Apart from the pictures, every entry should be reproduced exactly.

----

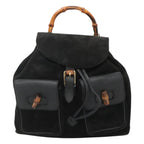 Gucci Vintage Bamboo Backpack Suede And Leather Black Suede Backpack Bag (Authentic Pre-Loved)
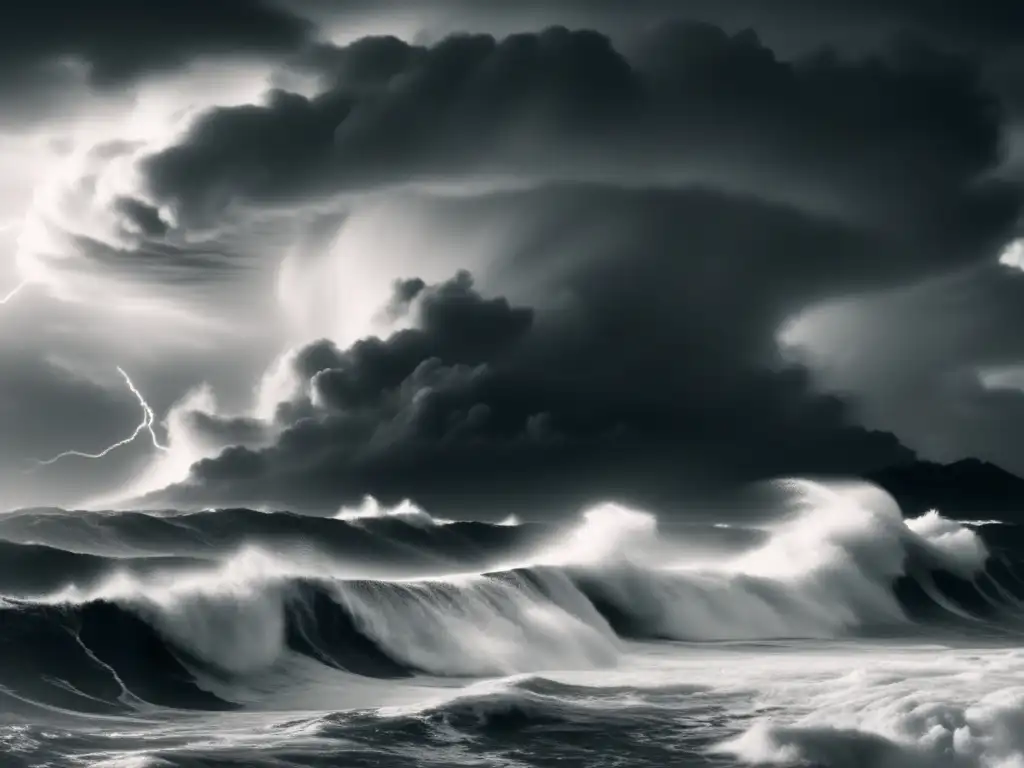 Awe-inspiring, black and white cinematic shot of a hurricane devastating the ocean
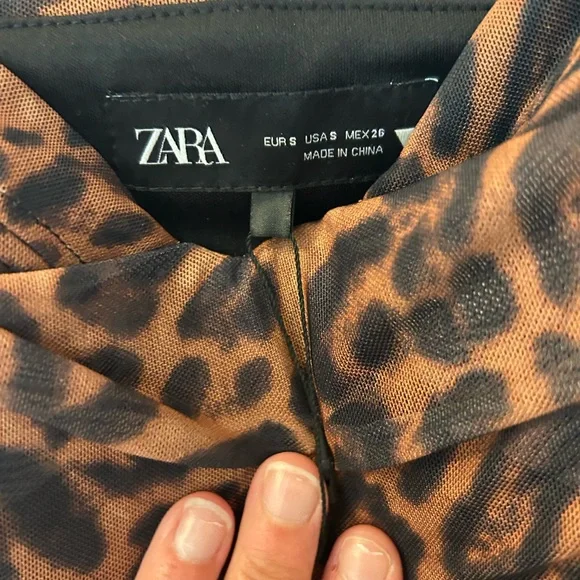 Zara Brown and Black leopard print Ruched Maxi Dress. Size S. NWT - Picture 7 of 7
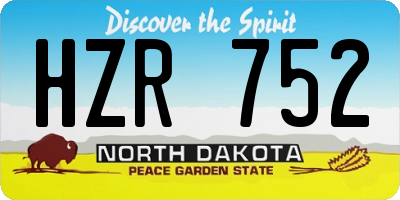 ND license plate HZR752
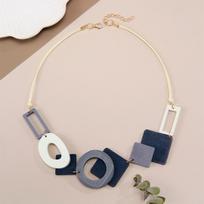 Women Statement Bib Necklace Vintage Geometric Wooden Necklaces Pendants Lady Neck Decoration New Fashion Jewelry Gifts gray
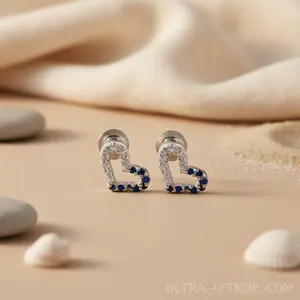 Boucles d'oreilles clous tendance en laiton plaqué rhodium avec zircons bleus pour femme, idéales pour les fêtes ou comme cadeau - Product Image 2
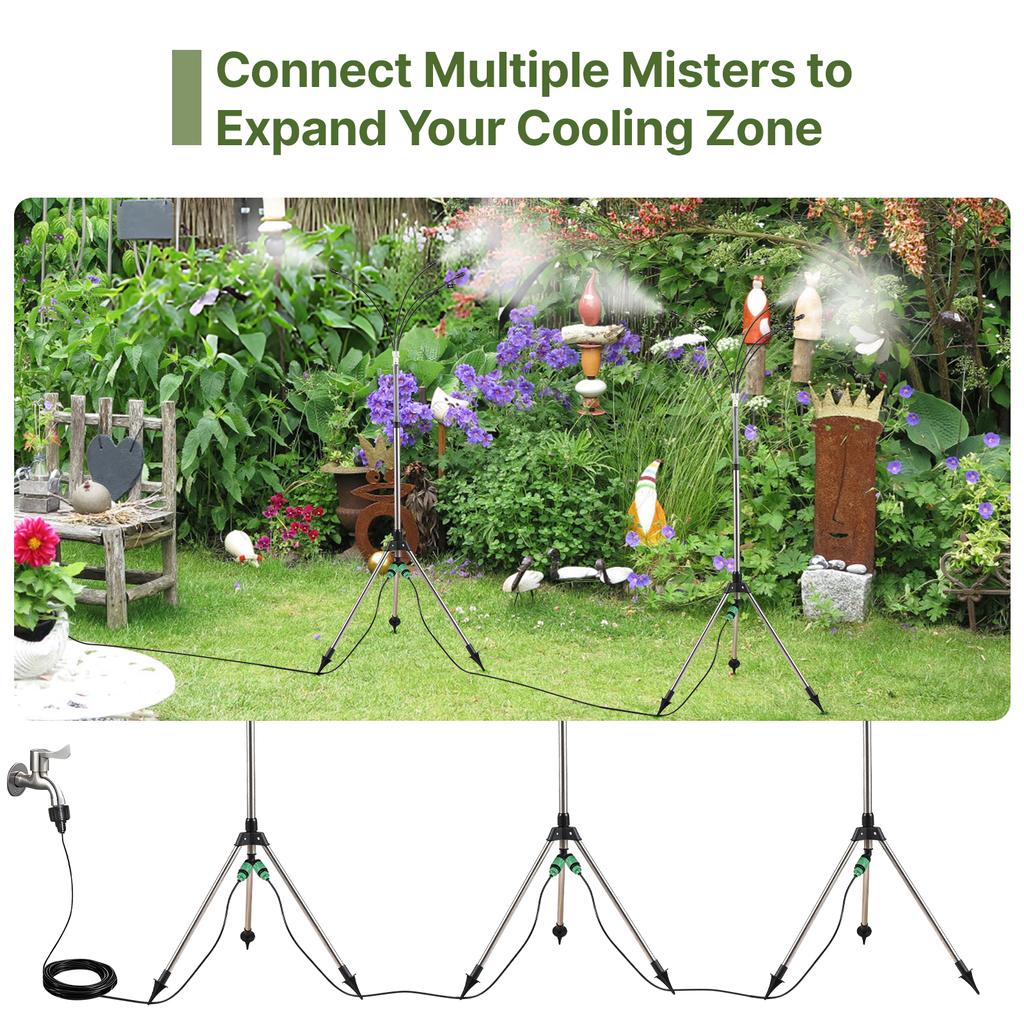 Outdoor Water Misting Cooling System 4 Heads 26Ft/8M Line 360 Degree Tube 3/4 Hose Plug Misters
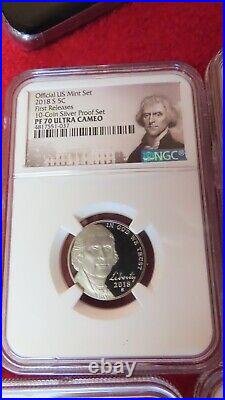2018 D JEFFERSON NICKLE NGC PR PF 70 from Silver 10 coin set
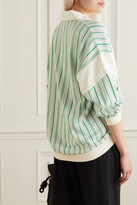 Thumbnail for your product : HOLZWEILER Lunden Striped Cotton-blend Sweater - Green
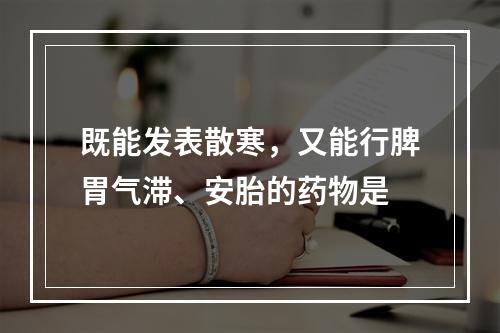 既能发表散寒，又能行脾胃气滞、安胎的药物是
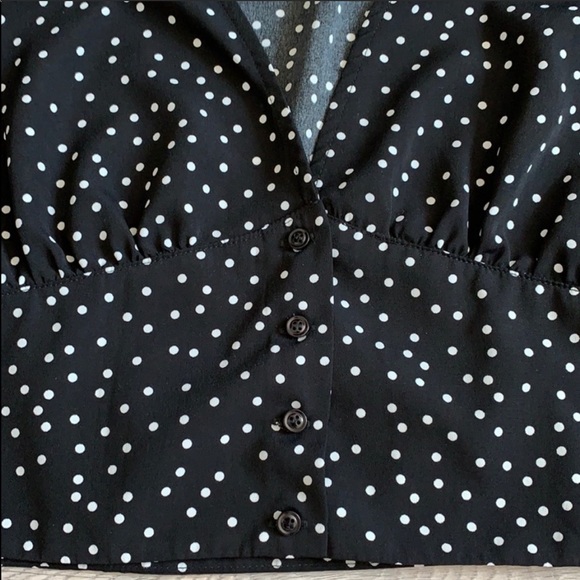 Cropped Deep Plunge Blouse Size Medium - Picture 3 of 3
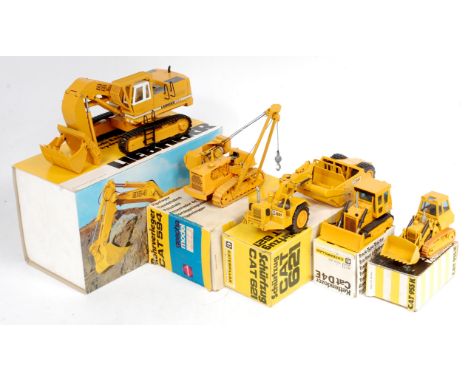 NZG, Conrad and Gescha 1/50th scale Caterpillar Construction Group, 5 boxed examples to include Gescha No.2872 CAT 594 Pipe L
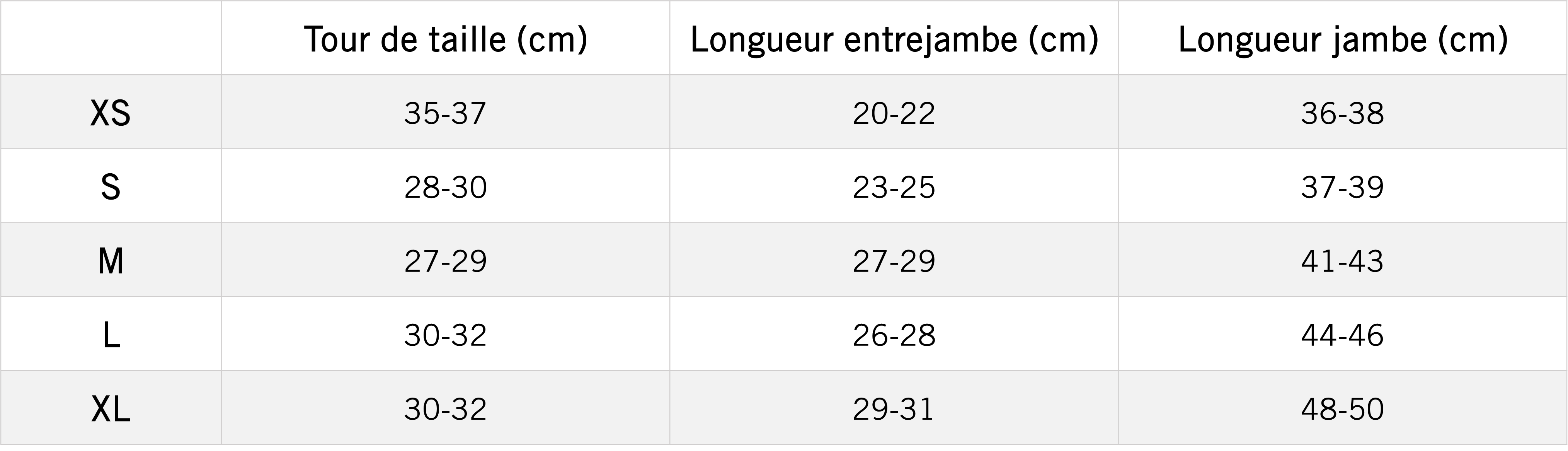 Tableau des mensurations du produit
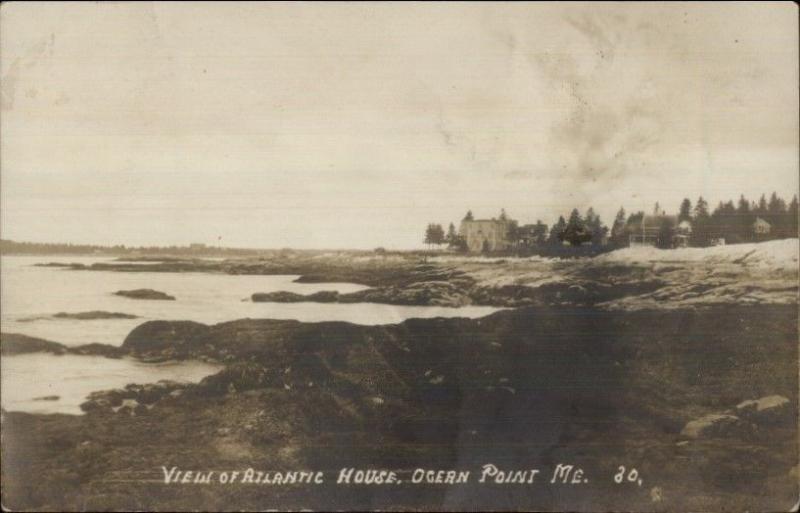 Ocean Piont ME Atlantic House in Distance Real Photo Postcard 1914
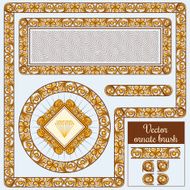 Decorative golden ornate design elements and brush for illustrator N2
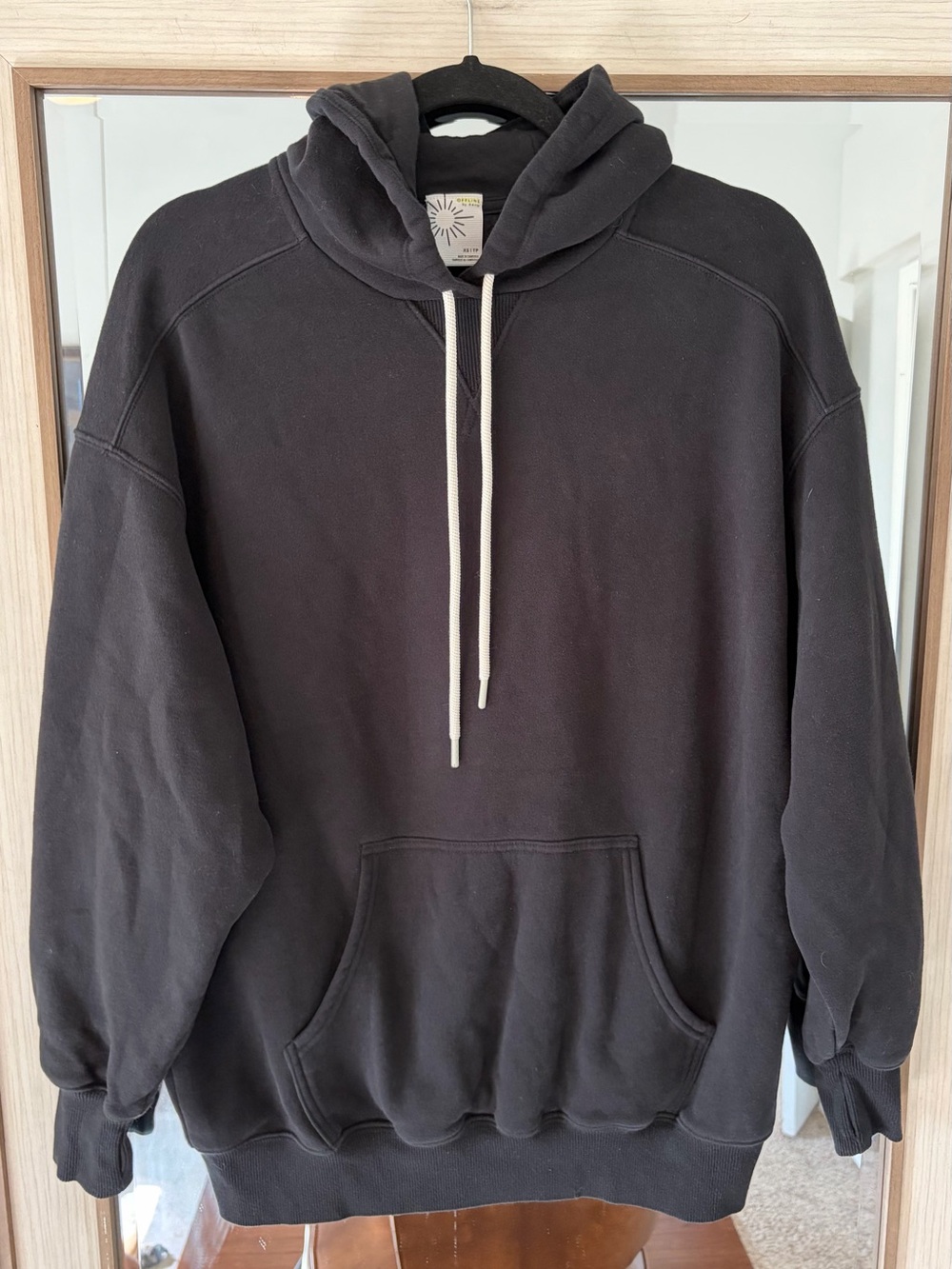 OFFLINE by Aerie Cloud Fleece Oversized Hoodie in black with white Drawstring XS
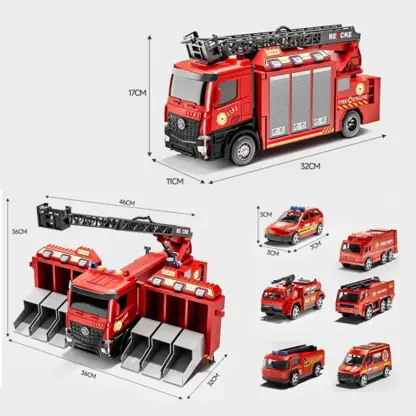 FireFighterz™ Feuerwehrauto mit Feuerwehrteam und Wassersprinkler-middle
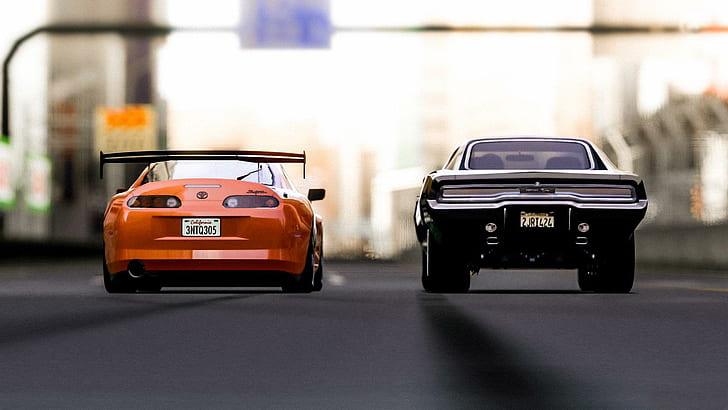 Image of a Toyota Supra and a muscled car in Gran Turismo 7, one of the Top Car Drift Video Games 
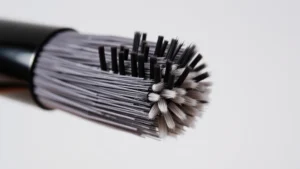 Close-up of synthetic brush bristles showing tapered tips and dense fiber arrangement, held at angle against neutral background, professional makeup lighting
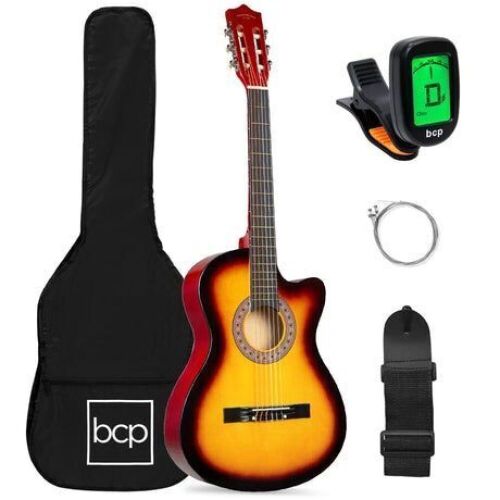 Beginner Acoustic Cutaway Guitar Set w/ Case, Strap, Capo - 38in  - Lot 610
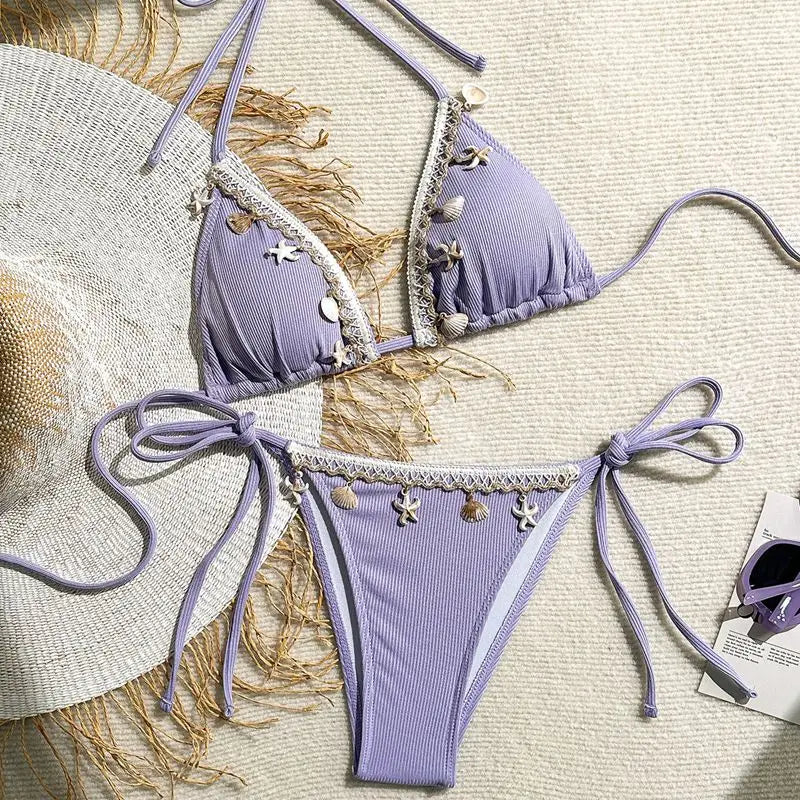 Bikini a Triangolo "Ocean Pearl" con Conchiglie e Perline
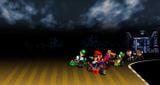 Mario, Luigi, Peach, Yoshi, Toad and Wario racing on Boo Lake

----

→ **Output for this task**:
 Gucci Vintage Bamboo Backpack Suede And Leather Black Suede Backpack Bag (Authentic Pre-Loved)
 Awe-inspiring, black and white cinematic shot of a hurricane devastating the ocean
 Zara Brown and Black leopard print Ruched Maxi Dress. Size S. NWT - Picture 7 of 7
 ND license plate HZR752
 Women Statement Bib Necklace Vintage Geometric Wooden Necklaces Pendants Lady Neck Decoration New Fashion Jewelry Gifts gray
 Boucles d'oreilles clous tendance en laiton plaqué rhodium avec zircons bleus pour femme, idéales pour les fêtes ou comme cadeau - Product Image 2
 Outdoor Water Misting Cooling System 4 Heads 26Ft/8M Line 360 Degree Tube 3/4 Hose Plug Misters
2018 D JEFFERSON NICKLE NGC PR PF 70 from Silver 10 coin set
 Thumbnail for your product : HOLZWEILER Lunden Striped Cotton-blend Sweater - Green
 既能发表散寒，又能行脾胃气滞、安胎的药物是
 Cropped Deep Plunge Blouse Size Medium - Picture 3 of 3
 NZG, Conrad and Gescha 1/50th scale Caterpillar Construction Group, 5 boxed examples to include Gescha No.2872 CAT 594 Pipe L
 Tableau des mensurations du produit
 Ocean Piont ME Atlantic House in Distance Real Photo Postcard 1914
 Decorative golden ornate design elements and brush for illustrator N2
 OFFLINE by Aerie Cloud Fleece Oversized Hoodie in black with white Drawstring XS
 FireFighterz™ Feuerwehrauto mit Feuerwehrteam und Wassersprinkler-middle
 Image of a Toyota Supra and a muscled car in Gran Turismo 7, one of the Top Car Drift Video Games 
 Close-up of synthetic brush bristles showing tapered tips and dense fiber arrangement, held at angle against neutral background, professional makeup lighting
 Beginner Acoustic Cutaway Guitar Set w/ Case, Strap, Capo - 38in  - Lot 610
 Bikini a Triangolo "Ocean Pearl" con Conchiglie e Perline
 Mario, Luigi, Peach, Yoshi, Toad and Wario racing on Boo Lake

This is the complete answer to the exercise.